I don’t remember people talking about being tired this much years ago. Now it feels as though almost every conversation includes it somehow. Someone says they are exhausted, someone else says they barely slept, another says they can’t switch off, and everybody laughs as if it’s completely normal to feel permanently drained.
But I don’t think it is normal.
I think we have slowly accepted a way of living that is exhausting us physically and mentally, and because everybody around us feels the same, we no longer question it.
The other day I was standing in a queue behind someone ordering a large coffee, an energy drink, and something sweet “just to get through the afternoon,” and I remember thinking, this is where so many people are now. They are no longer eating or drinking to nourish themselves. They are simply trying to keep themselves going.
And the body can only do that for so long.
People wake up tired, rely on caffeine to function, skip meals, eat quickly, sit most of the day, barely drink water, sleep badly, and live under constant stress. Then they wonder why they feel foggy, irritable, anxious, and exhausted all the time.
The body is constantly trying to keep up.
And what worries me is how young this is becoming. I hear people in their 30s and 40s talking as though feeling unwell is just part of life now.
It isn’t.
Of course life is busy, and I’m not pretending stress doesn’t exist, but we cannot ignore how much our lifestyle contributes to how we feel. Food matters. Hydration matters. Movement matters. Rest matters. The body keeps responding to whatever we repeatedly give it.

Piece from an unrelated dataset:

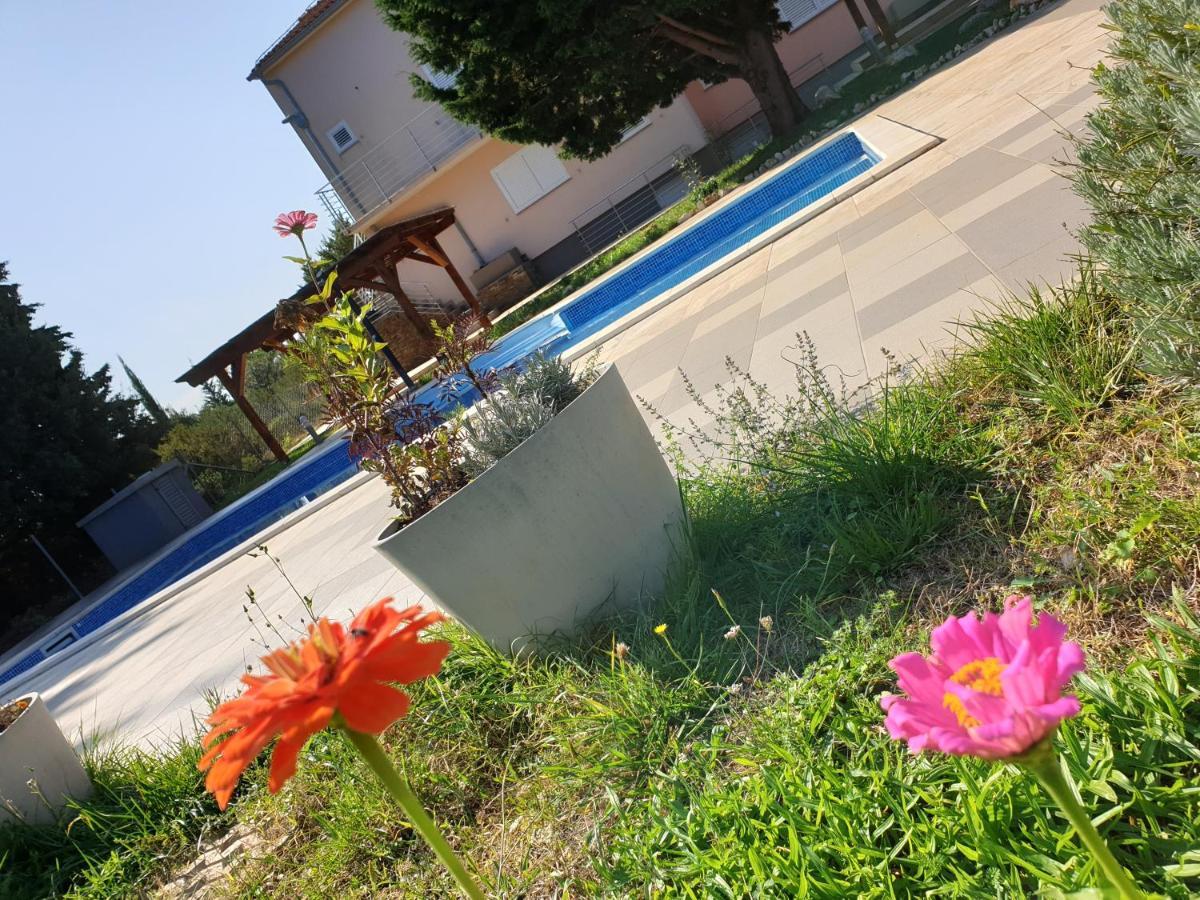 Olive Apartments Ugljan Exterior foto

If your diet is mostly processed foods, sugar, convenience meals, and caffeine, your energy will reflect that. If you are dehydrated, constantly overstimulated, and never properly resting, your body will eventually start struggling.

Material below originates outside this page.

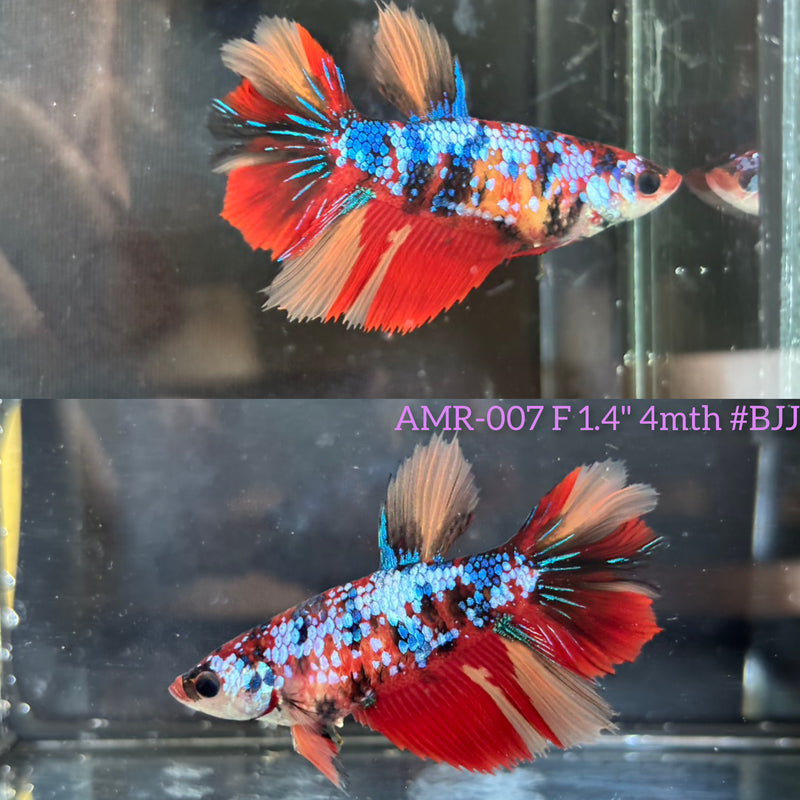Live Female Betta Galaxy Nemo Halfmoon (AMR-007)High quality What you see What you get!!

And this is why I always come back to simple things, because people think health has to be complicated when often it’s the basics that are missing.
Real food.
More plants.
Proper meals.
Enough water.
Walking.
Fresh air.
Sleeping properly.
Slowing down occasionally instead of constantly pushing through.
I’m not talking about perfection, and I’m certainly not talking about living like a monk. I’m talking about paying attention before the body starts forcing you to.
Because exhaustion is not always something to “push through.” Sometimes it’s a message.
If you are reading this and constantly feeling tired, don’t just normalise it. Stop and ask yourself honestly how you are living and what your body is trying to tell you.
Sometimes the biggest changes begin with the simplest things.